真田幸隆と山本勘助

南宜堂

2009年06月10日 00:38

 元禄時代に成立したとされる「真田三代記」には、真田幸隆と山本勘助が懇意であり、ともに武田の軍師として協力し合ったことが描かれている。
 山本勘助は実在についてはむかしから論議がされているところである。「甲陽軍艦」では縦横の活躍をしたとされる勘助だが、「甲陽軍艦」自体が歴史資料としては信頼性がなく、その辺が勘助を想像上の人物とされる所以なのだろう。
 しかし、最近の研究では、信玄の書状にその名が記されていることから実在の人物とされているようである。
 「真田三代記」の山本勘助の記述は明らかに「甲陽軍艦」を下敷きとしたものである。

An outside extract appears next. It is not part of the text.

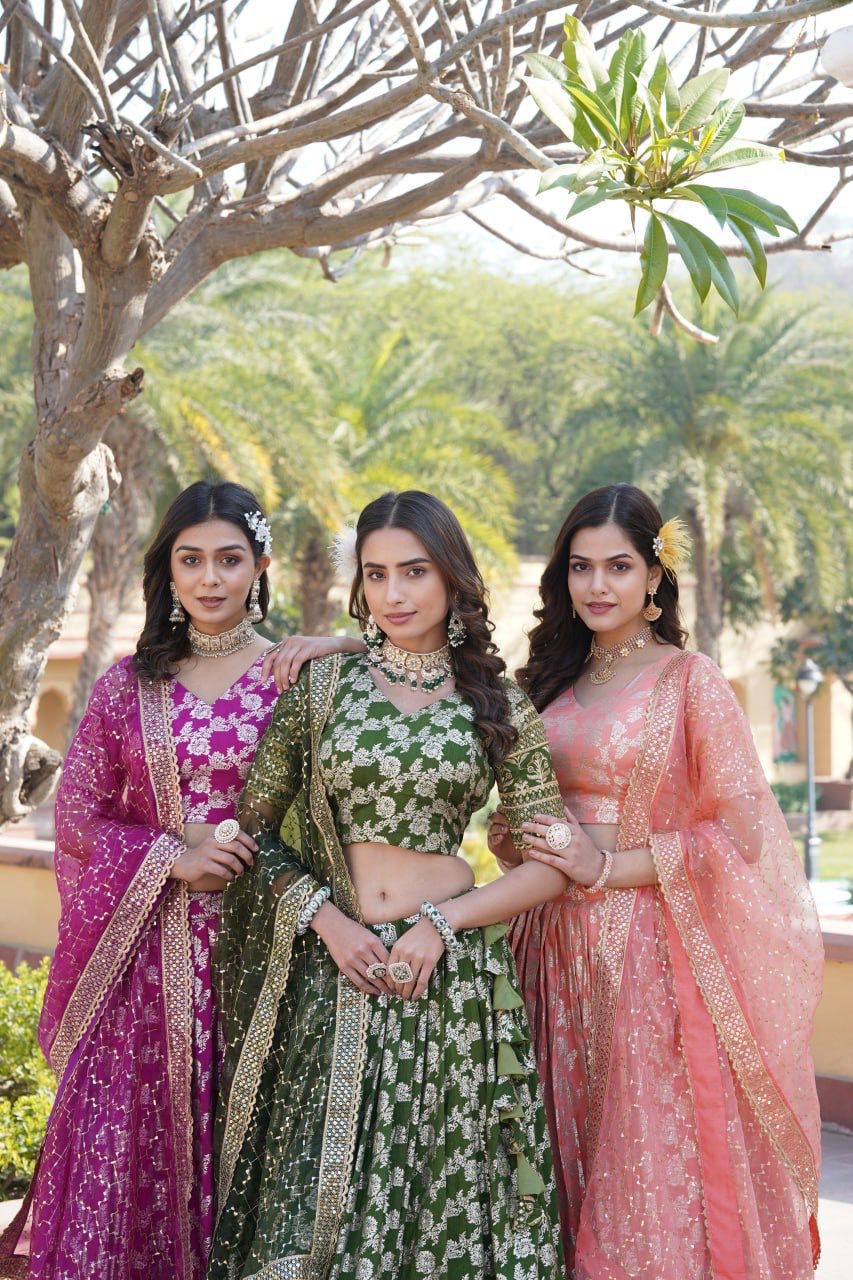 Designer Dyeable Pure Viscose Jacquard Lehenga Choli & Dupatta Set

勘助は諸国修行の旅の途中信州真田の城下を通りかかった。城主幸隆の評判を聞いて会ってみたくなった勘助は案内を請うた。家来たちは貧相な異形な男を怪しんだが、幸隆は勘助の噂を知っていて丁重に扱うよう命じた。こうして勘助は真田の屋敷に10日ほど滞在して幸隆と兵法を語ったのだという。
 このような伏線があって、後年信玄に仕えた勘助は幸隆を軍師に推挙した。まさに「見てきたような嘘」なのかもしれない。しかし、勘助の仲介があったかどうかは別として、真田幸隆が信濃先方衆として武田信玄に仕えるようになったことは確かなことである。
 「真田三代記」では、信玄が真田幸隆を軍師として遇したことが書かれているが、私はむしろ真田の軍事力や知恵を信玄が重んじたというより、真田の「情報力と技術力」を利用したかったのではないかと思っている。